La demandeure soumet une lettre du S.E.A.S. Centre datée du 12 novembre 2015 dans laquelle il est indiqué que la demandeure fait du bénévolat pour l’organisation depuis 2013.

Une lettre de la tante et de l’oncle de la demandeure qui résident au Canada a également été soumise. La tante et l’oncle de la demandeure fournissent quelques renseignements contextuels sur leur nièce, la demandeure, et souhaitent qu’elle reste au Canada de façon permanente.
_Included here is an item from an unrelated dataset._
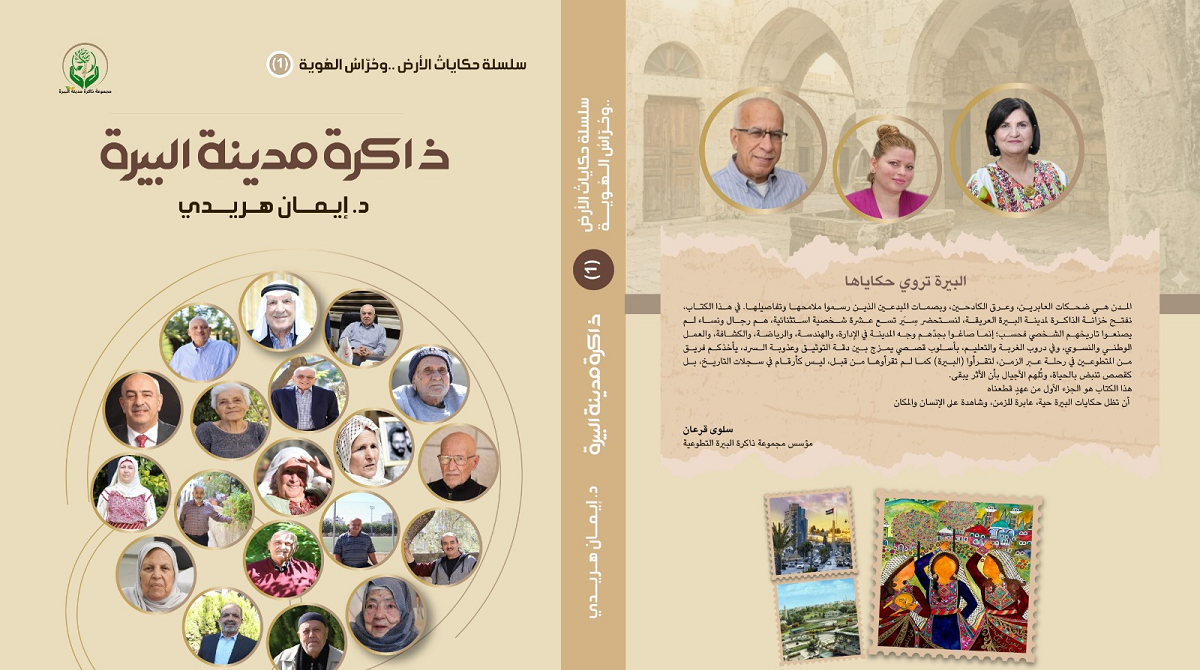 الإعلامية الدكتورة إيمان هريدي تطلق كتابها الأول "ذاكرة مدينة البيرة.. حكايات الأرض وحراس الهوية"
[17] Comme le juge Gleeson l’a conclu dans l’affaire Madera (au para 10) :

Même si un agent peut agir de façon déraisonnable lorsque la question du statut juridique conduit à l’omission d’un agent de tenir compte des difficultés inhabituelles ou excessives (Klein c. Canada (Citoyenneté et Immigration), 2015 CF 1004) ce n’est pas ce qui s’est produit en l’espèce. L’analyse de l’agent ne s’est pas arrêtée avec la détermination que Mme Madera avait omis de régulariser son statut juridique. En revanche, en déterminant qu’il n’y avait aucune difficulté inhabituelle ou excessive justifiant une dispense pour des motifs d’ordre humanitaire, l’agent a entrepris une analyse de la situation économique aux Philippines, a répondu à la prétention de Mme Madera selon laquelle elle soutenait ses parents, sa sœur et sa nièce aux Philippines et a tenu compte de ses possibilités d’emploi aux Philippines.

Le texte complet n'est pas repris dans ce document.